第九章 打手板
顧八代歲數已經很大了,鬍子老長,看着倒是很和氣。原本誰伺候他是不必他操心的,但因我是個特例,所以他在結束課程之後,特意將我找去面訓。
我忐忑不安的站在低下,規規矩矩的彎腰道:“奴婢給先生請安。”
“嗯,起來吧。”他點點頭,“你是碩色家的丫頭?!”
“是。”
“皇上的意思你知道了?!”
“是。”
“那好吧,從明天起,你也開始跟着上課。去吧。”
“是……啊?完了?”
“完了。”顧八代面無表情的看着我。
“哦,奴婢知道了。”剛要轉身,忽然憶起我還有個伺候他的任務呢,趕緊又收回腳嘿然一笑,“我伺候先生淨面吧,先生餓不餓?要不要奴婢叫順子給您預備些點心?!”
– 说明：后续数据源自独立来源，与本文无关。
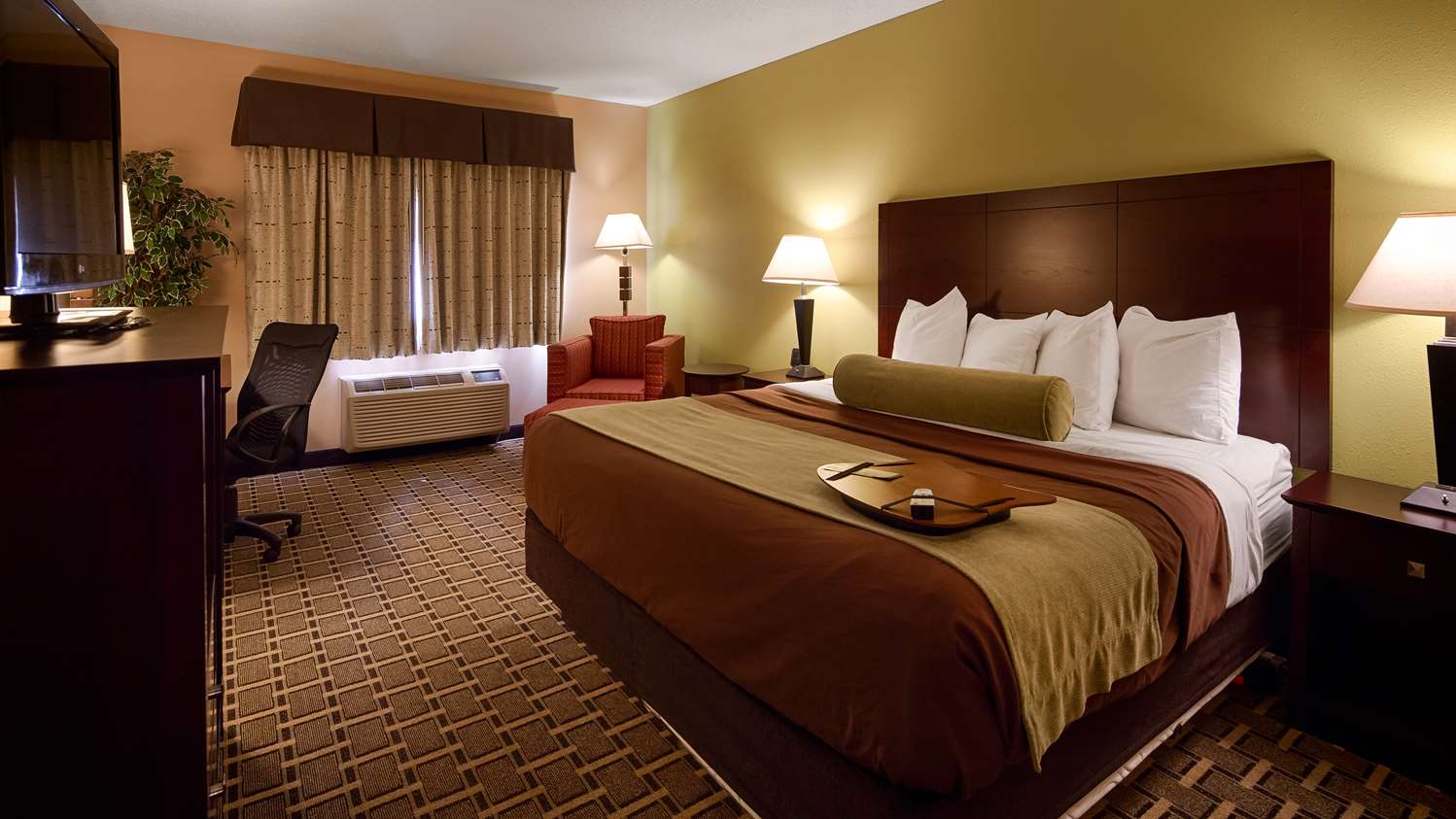 Best Western Plus Executive Inn - Tap to explore photos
“不餓。”顧八代的臉上終於有了些許的微笑,站起身走到臉盆前,接過擰好的毛巾擦了一把,“你多大了?”
“回先生,奴婢十三了。”
“哦,我聽說你一向最怕唸書?!”
“這個……讓先生見笑了。”
“沒關係,既然皇上把你交給我,我就一定認真教你。”他的眉頭幾不可見的皺了一下。我知道,在這個時代,像他這樣的飽學鴻儒是不屑教授女子學業的。但皇命在身,也由不得他不願意。但他不知道的是,我壓根兒就不想學。
“多謝先生肯不吝教誨,芷蘅一定努力用功。”拿回毛巾,恭送他走出門後又將屋子收拾乾淨,我纔回轉自己屋裏休息去了。
****無話,第二天一睜眼,看着窗外依然黯淡的天色,打了個哈欠坐起來穿衣。估計現在也就五點多,可憐我連個懶覺都睡不了了。穿戴整齊之後,睡眼惺忪的我趕去書房受苦。纔到院門口,就見順子頂着滿臉“你完了”的表情走過來。
“怎麼了?先生來了嗎?”笑着走過去,順便打了個哈欠。
小順子搖頭笑道:“你還真成啊,這都幾點了,你纔來。不是說你要跟着一起唸書的嗎?”眼睛裏流露出的有嫉妒還有羨慕。
“是啊,現在也就卯時一刻,還早呢。”
“早?你知道不知道,阿哥們寅時就差不多到齊了,顧師傅卯時正刻就已經來了……喂,我還沒說完呢,你跑什麼啊?”
我還顧得上聽他說?上課遲到會被罰的。也怪我,昨天怎麼就沒問問幾點上課呢?這下慘了,上學第一天就遲到,顧老頭不整死我纔怪!
氣喘吁吁的跑到無逸齋外面,耳聽得裏面一片靜悄悄,大着膽子將門推開一條縫……
呃,完蛋了,那些小阿哥都趴在書上認真的學習呢。顧八代正一邊走一邊低聲給他們指點功課。嚥了口唾沫,我悄悄的拉開門。幾個離門近的阿哥都抬起了頭。我一看,我的個媽呀,三阿哥胤祉,四阿哥胤禛,五阿哥胤祺,七阿哥胤佑,八阿哥胤禩等等都看見我了。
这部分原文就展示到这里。